## DATASET ENTRIES
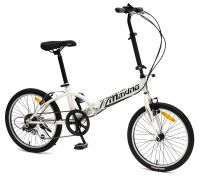 TP-20F9016S FOLDING BIKE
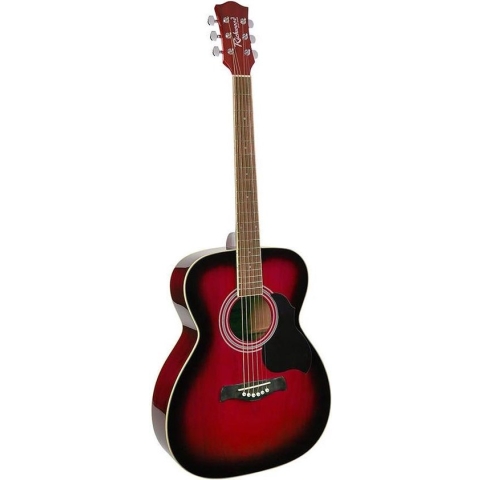 Akoestische gitaar Richwood Artist Series Auditorium RA-12-RS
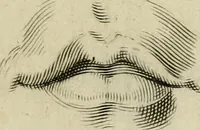 An illustration from La prima-[quinta] parte della luce del dipingere et disegnare, ... (1643)
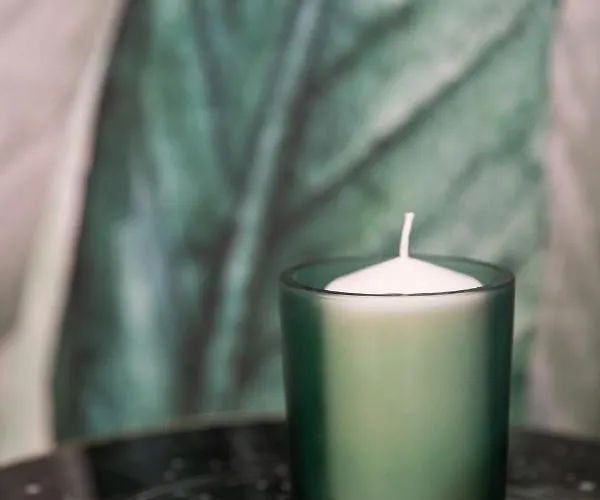 Le Cocon D'angela - - Parking Prive アパート ペリグー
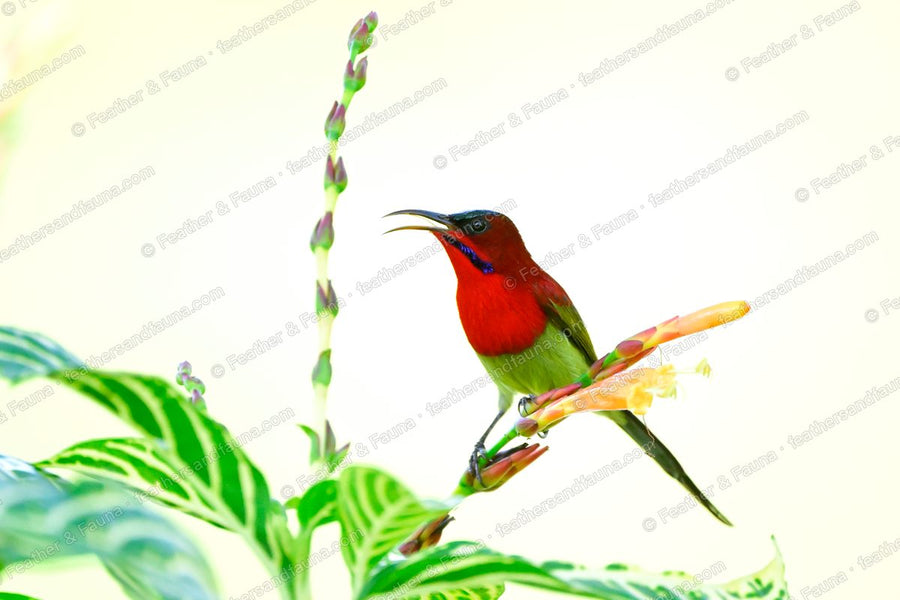 Male Crimson Sunbird calling on an orange tubular flower against a pale background.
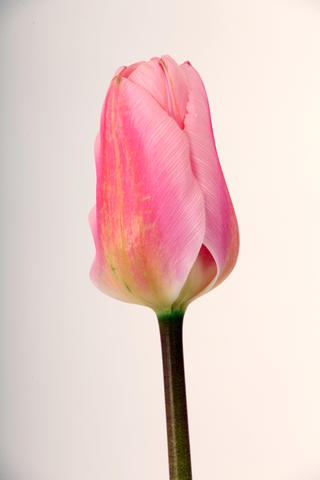 tulipe hybride algarve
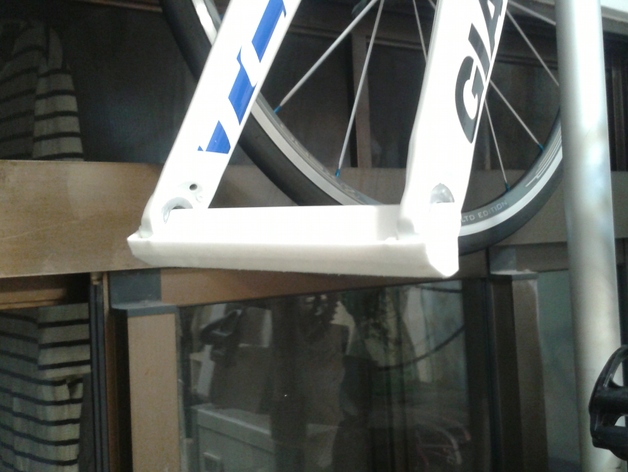Fork protector for Giant TCR SL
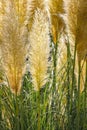 Pampas grass in the garden picturesquely staged against the light Royalty Free Stock Photo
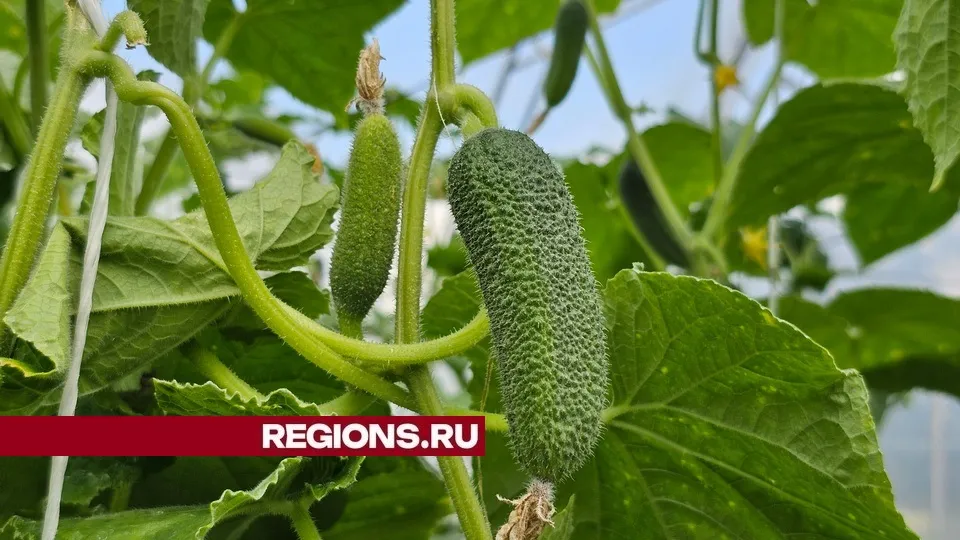 Фото: REGIONS/Александр Дрожжин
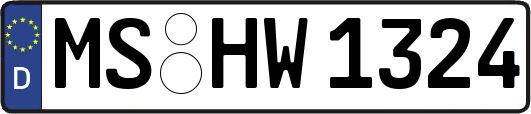 MS-HW1324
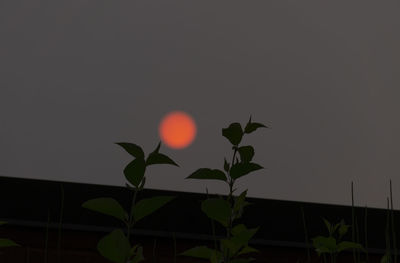 Low angle view of plant against sky at sunset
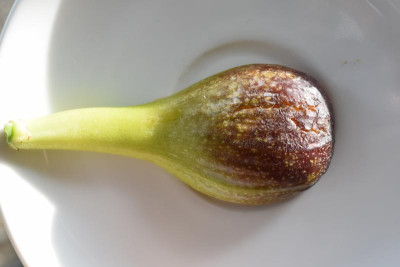 Bornholm Breba 007.JPG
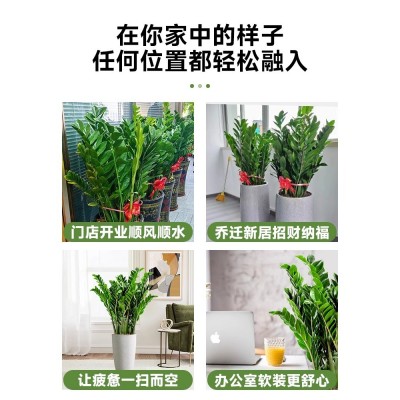 金钱树盆栽植物室内花卉大型客厅好养绿植大摇钱串子招财开业送礼图2
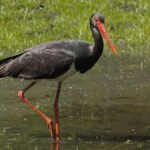 Skryty i płochliwy. Dlaczego bocian czarny staje się coraz rzadszym widokiem?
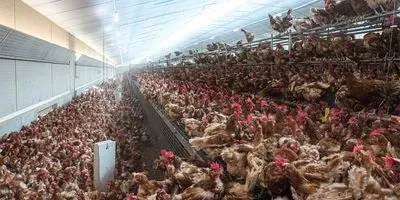 industrial chicken farming
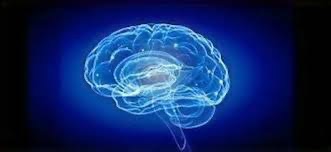 illustration L'Anxiété Sociale, quand le cerveau limbique s'emballe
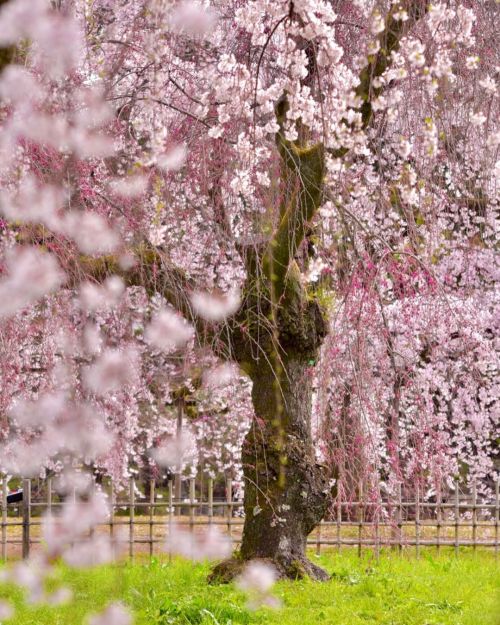 ’ ’ 【京都の桜】京都御苑 近衛邸跡 糸桜 ’ ’ 京都の桜 やはりここから本格始動です。 ’ ’ 2022.3.30撮影 &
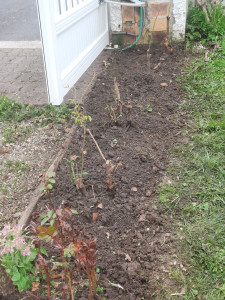 Photo de galerie - Rosiers suite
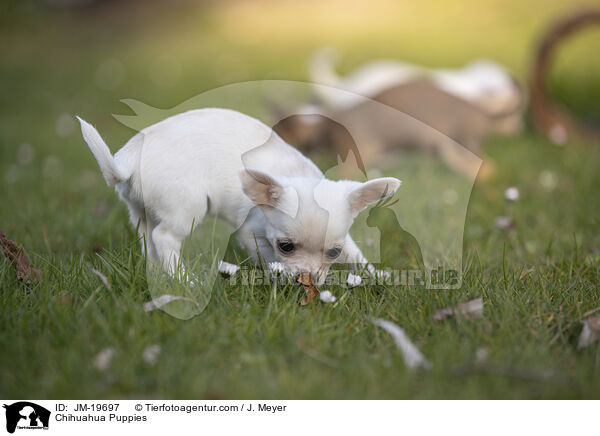 Chihuahua Puppies / JM-19697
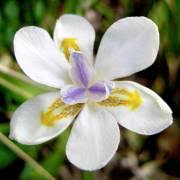 Image result for Dietes flavida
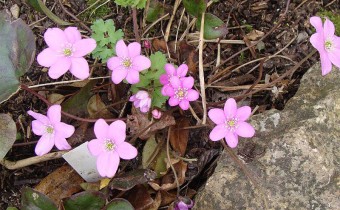 Hepatica nobilis rosa, Foto vom 6.3.  (© Spender 55)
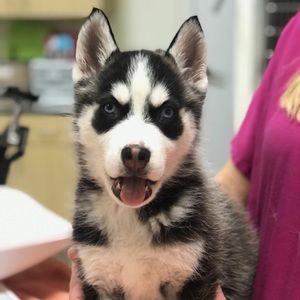 Meet your Posher, Julie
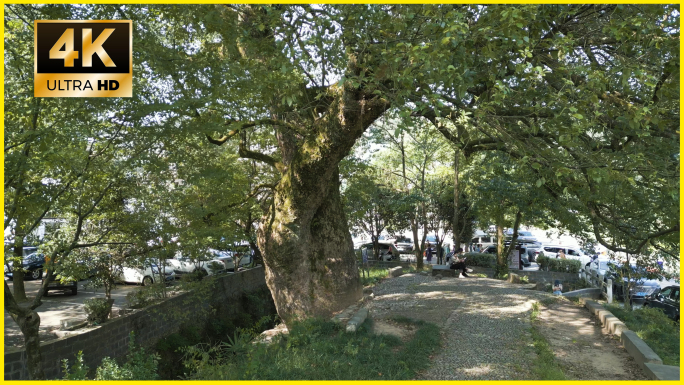 4k航拍皖南歙县昌溪古镇古树樟树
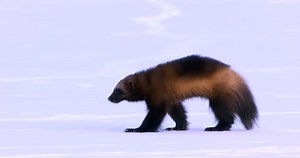 Watch what happens when a wolverine attacks an animal much larger than it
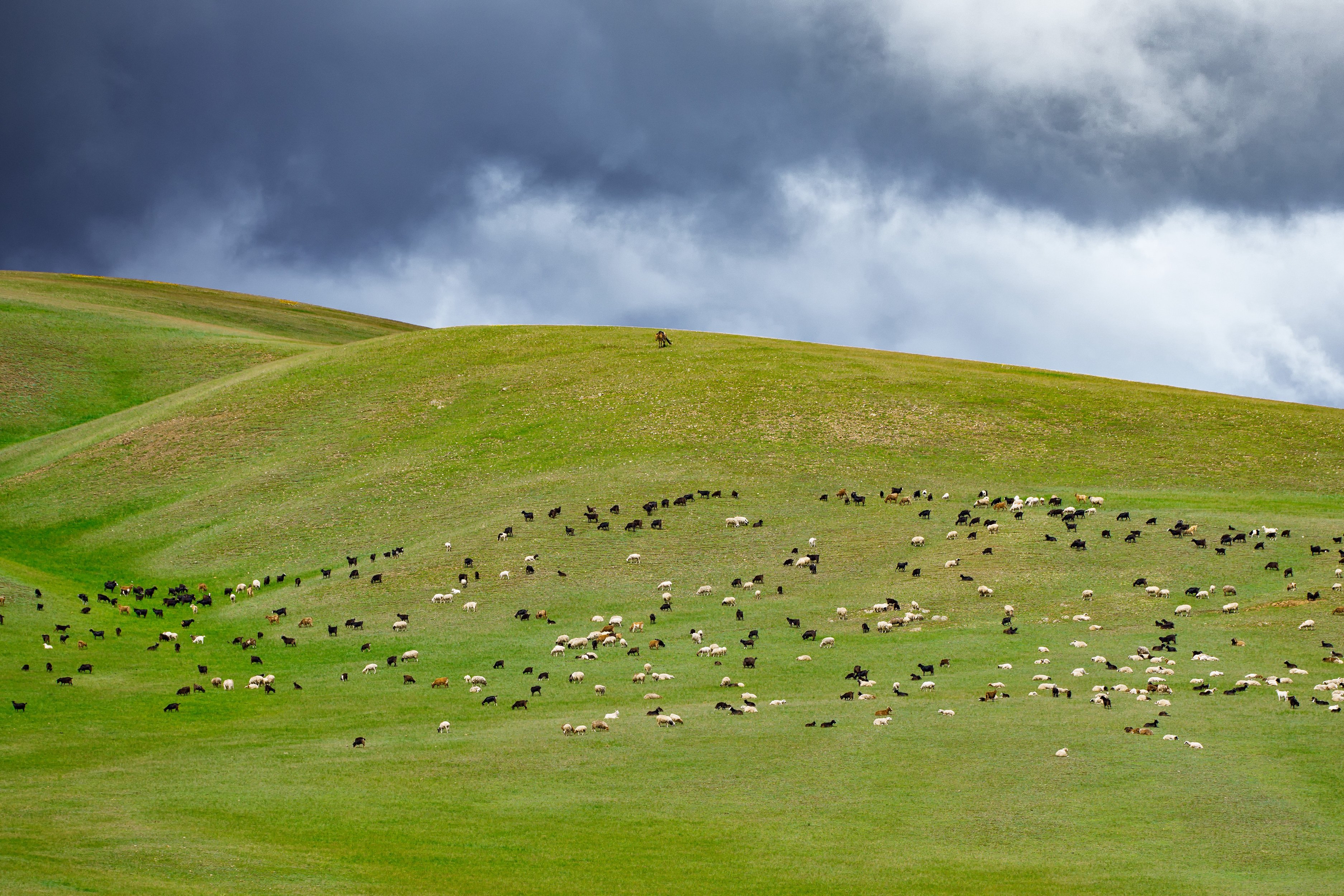 Rolling hills of Casic; a riding shepherd tends to their flock.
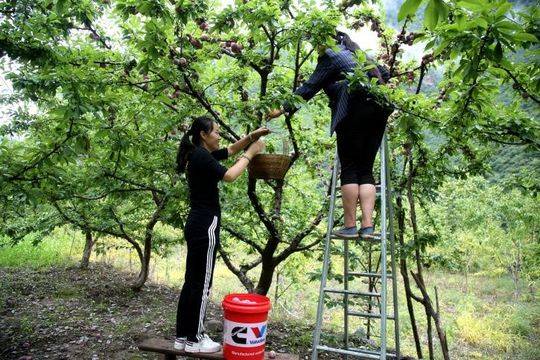 以行动书写忠诚--图记阿坝州纪检监察干部抗震救灾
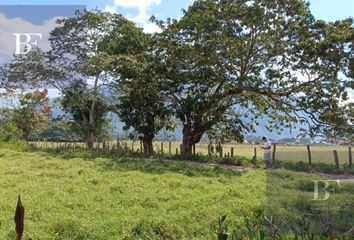 Terreno en  Oxapampa Distrito, Oxapampa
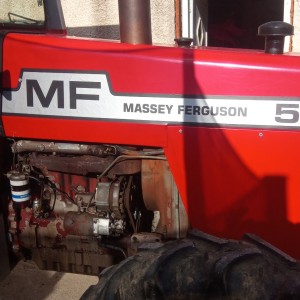 Massey ferbusona 590
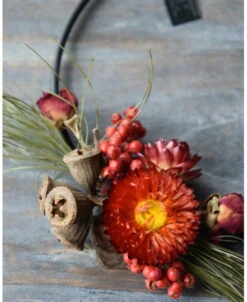 Droogbloem Toefje In Het Rood Op Een Krans Ring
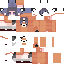 Texture for Fox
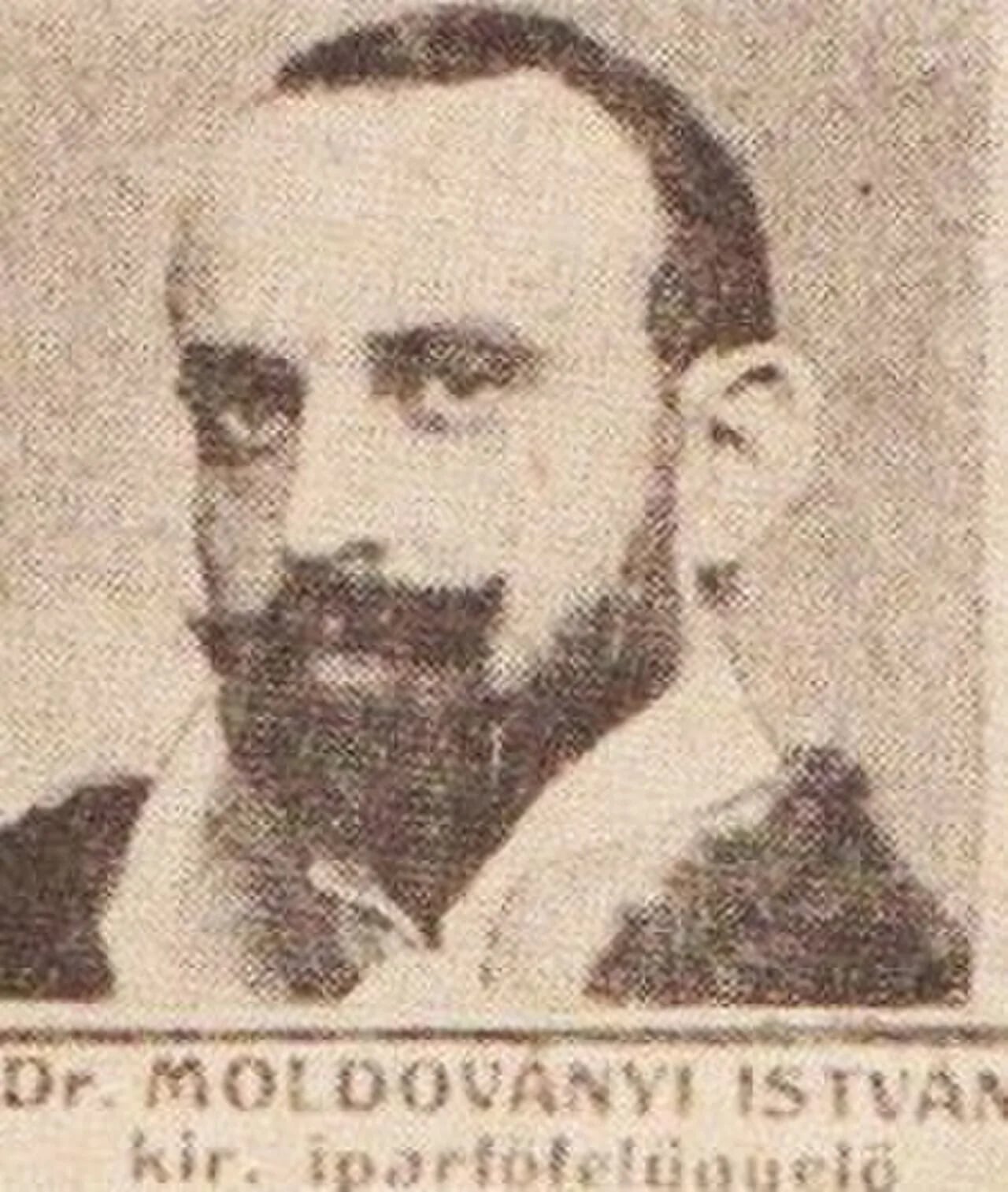 Portrait of István Moldoványi (1871–1916) – memorial page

## WHAT IS BEING ASKED
Every line from the one with "Massey ferbusona 590" through the last line of the data must be copied exactly. Leave the pictures out.

## RESULT OF THIS EXERCISE
 Massey ferbusona 590
 Droogbloem Toefje In Het Rood Op Een Krans Ring
 Texture for Fox
 Portrait of István Moldoványi (1871–1916) – memorial page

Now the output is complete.